Saturday was the FIRST Robotics Competition Kickoff. It broadcasts live from Manchester New Hampshire where it is 10:00, so that means 7:00 here, which means getting up around 5:30. The local kickoff event is hosted by none other than the Titan Robotics Club, with generous support from the FIRSTWA/SRA, and DeVry Univeristy. Red Bull was kind enough to provide refreshments (in the form of Red Bull drinks, of course).

I recently discovered that a fellow CSE student, Helene, was a FIRST alum (from team 192, GRT), so I invited her along. With just a little bit of prodding, she accepted, and we both ended up enjoying ourselves while learning about the new game. Of course, I already had a sneak peak from helping assemble the rack on Friday night.

I had promised to get Helene home early, so I left immediately after the kickoff to take her back to the U-District. Next came soccer practice, at 12:30. Since intramural sports seem to be the only way I can coax myself to exercise regularly, I try to get involved with them every quarter. A big thanks to Scott for organizing it every quarter.

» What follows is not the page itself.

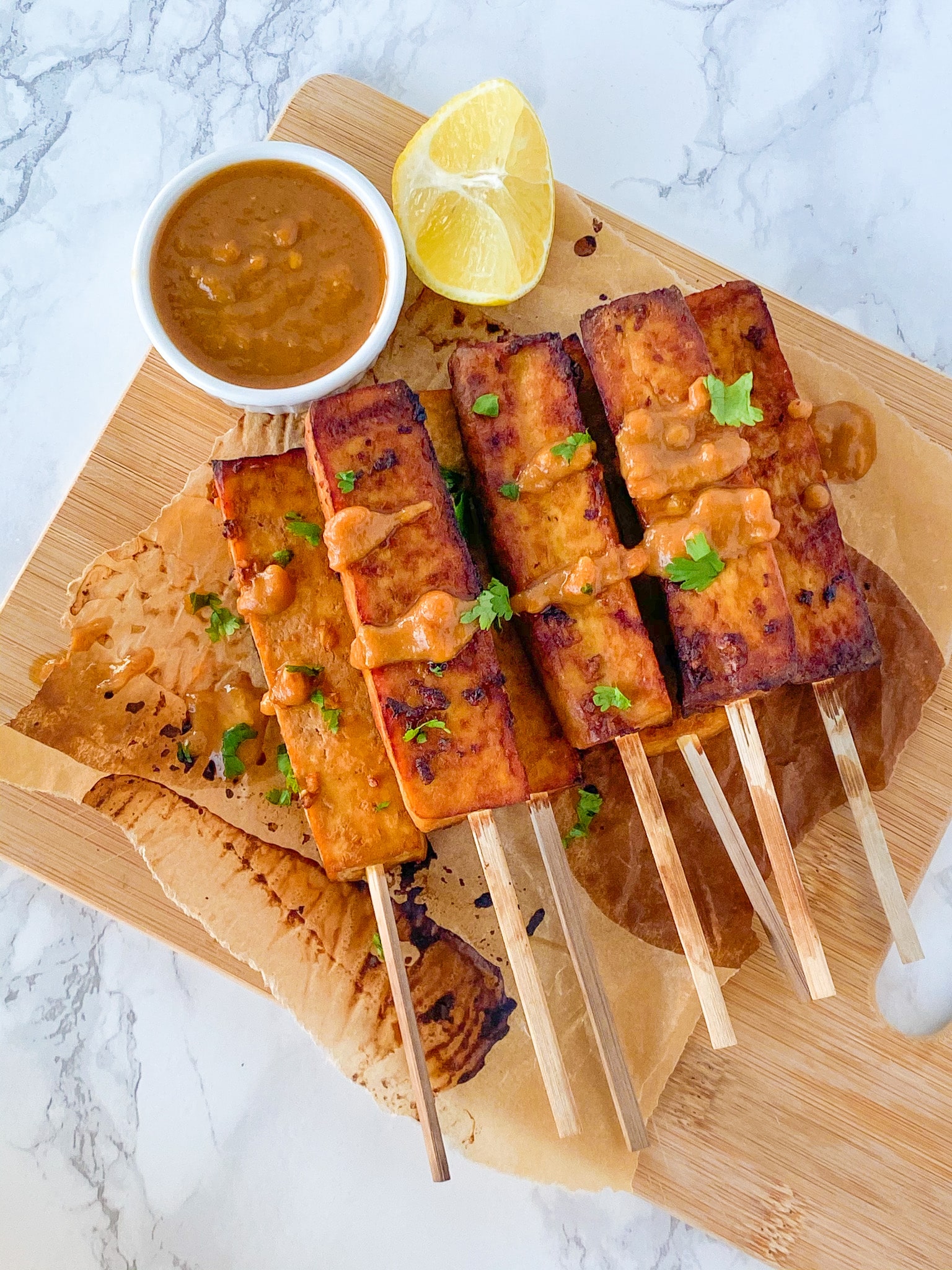 Oil-Free Tofu Satay with Peanut Sauce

Next, I did some homework while organizing a movie-going expedition with Courtney. Along with Kunlun and Anne, we ended up seeing Children of Men, a wonderfully gritty apocalyptic offering. While the others I was with saw it as depressing, I have a way of seeing these sorts of films as very hopeful. Sure, the surroundings were grim — women are infertile and the whole world is self-destructing — but in the midst of it all, life is finding a way forward. I’d give the film an A, or a 4.5/5.

After the movie, I went over to Ananth’s place to watch the second half of the Seahawks game. Talk about a roller coaster! But the Hawks prevailed, so for now, all is well. Ananth was kind enough to feed me while at his apartment, so I didn’t have to do it myself. I also got a call from Maneesh right after the game, and we were able to go crazy over the phone together. It was a good time. After seeing the Sonics lose yet another game, I headed back home to work on some more homework, before succumbing to sleep fairly early.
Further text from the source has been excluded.